In your photo, I see the material on top is opaque white -- is that the soap? If so, do you know whether the soap supposed to be opaque white like this? 

You didn't say anything about the soap itself in this thread, and it would be good to know about that. I have some vague ideas about the problem, but need to know more.


----------



## BettyW (Dec 10, 2020)

Yes it is opaque.
I made the Hogwash recipe by Zany (50% Palm Kernal Flakes & 50% lard - 0% superfat).


----------



## DeeAnna (Dec 10, 2020)

I haven't looked up her Hog Wash recipe to confirm, but I know Zany prefers to use recipes that require neutralization, so I'm assuming the Hog Wash recipe calls for neutralization.

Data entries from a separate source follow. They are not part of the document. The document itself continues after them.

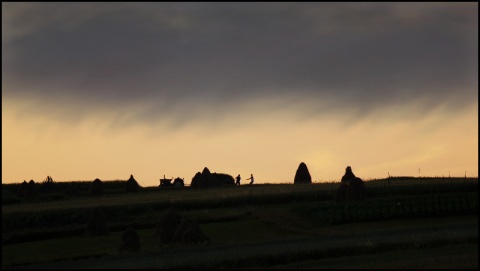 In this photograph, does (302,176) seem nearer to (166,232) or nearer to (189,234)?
(166,232)

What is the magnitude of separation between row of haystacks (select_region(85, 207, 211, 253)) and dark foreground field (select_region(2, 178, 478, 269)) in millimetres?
804

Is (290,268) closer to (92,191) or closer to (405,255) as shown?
(405,255)

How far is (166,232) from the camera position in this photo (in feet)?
207

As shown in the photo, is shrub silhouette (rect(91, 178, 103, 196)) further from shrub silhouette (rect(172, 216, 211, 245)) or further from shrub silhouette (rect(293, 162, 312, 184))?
shrub silhouette (rect(172, 216, 211, 245))

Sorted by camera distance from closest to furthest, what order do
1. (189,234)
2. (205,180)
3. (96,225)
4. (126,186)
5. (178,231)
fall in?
1. (189,234)
2. (178,231)
3. (96,225)
4. (205,180)
5. (126,186)

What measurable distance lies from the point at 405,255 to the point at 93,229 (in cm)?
3333

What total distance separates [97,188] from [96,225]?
103 ft

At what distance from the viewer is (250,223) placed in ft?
233

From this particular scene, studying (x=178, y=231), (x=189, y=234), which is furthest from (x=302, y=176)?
(x=189, y=234)

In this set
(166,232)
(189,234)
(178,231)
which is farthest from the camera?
(166,232)

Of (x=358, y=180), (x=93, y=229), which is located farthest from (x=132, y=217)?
(x=358, y=180)

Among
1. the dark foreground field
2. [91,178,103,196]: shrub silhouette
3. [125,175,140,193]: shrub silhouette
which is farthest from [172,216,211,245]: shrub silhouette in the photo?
[125,175,140,193]: shrub silhouette

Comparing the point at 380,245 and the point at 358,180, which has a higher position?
the point at 358,180

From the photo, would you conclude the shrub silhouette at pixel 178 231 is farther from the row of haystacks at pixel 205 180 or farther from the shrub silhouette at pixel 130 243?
the row of haystacks at pixel 205 180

It is very easy, especially for beginners, to over-neutralize liquid soap.

I make a liquid soap from lard and it's also milky, but this soap lets a bit of light pass through -- it is not completely opaque like frosting. There can be a small layer of insoluble soap that eventually floats on top of this type of soap, but I stress this should be a thin layer -- under 1/8" thick. I would expect a palm-lard liquid soap to appear similar to my all-lard LS.

If you over-neutralize liquid soap, the soap will decompose and form a dead white, opaque layer of fatty acids. This layer floats on top of any actual soap. The soap layer at the bottom will be clear to milky-translucent depending on the recipe.

If your soap has been over-neutralized, I'm not surprised that a glycerin-based colorant won't mix with what you think is the soap. If what I think is wrong with your soap is truly the case, the only soap that you have is the thin white layer at the bottom -- and yes the colorant you added is mixed with this small bit of soap. The white top layer is fatty acids. A glycerin based colorant will be insoluble in this layer.

You can confirm this is the situation by adding some dry KOH to a sample of the white top layer. Measure, say, a sample of 100 grams of the white top layer into a clear glass jar and add 3-5 grams of dry KOH. After stirring the KOH into the mixture until you can't feel any flakes on the bottom. The mixture may warm slightly and may get quite a bit thicker after you stir in the KOH. Let the sample sit for some hours to overnight. After this time passes, see if this material begins to separate into a more translucent lower layer and a (hopefully) thinner top layer.

If the first dose doesn't make much of a change, mix in a second 3-5 gram dose of KOH to the sample and repeat the waiting time. If there isn't much change after the second dose, my theory is probably wrong. If that is the case, I give up -- I don't know what the problem is with this soap. If there is a definite change in the mixture with the addition of KOH, then the soap has been over neutralized.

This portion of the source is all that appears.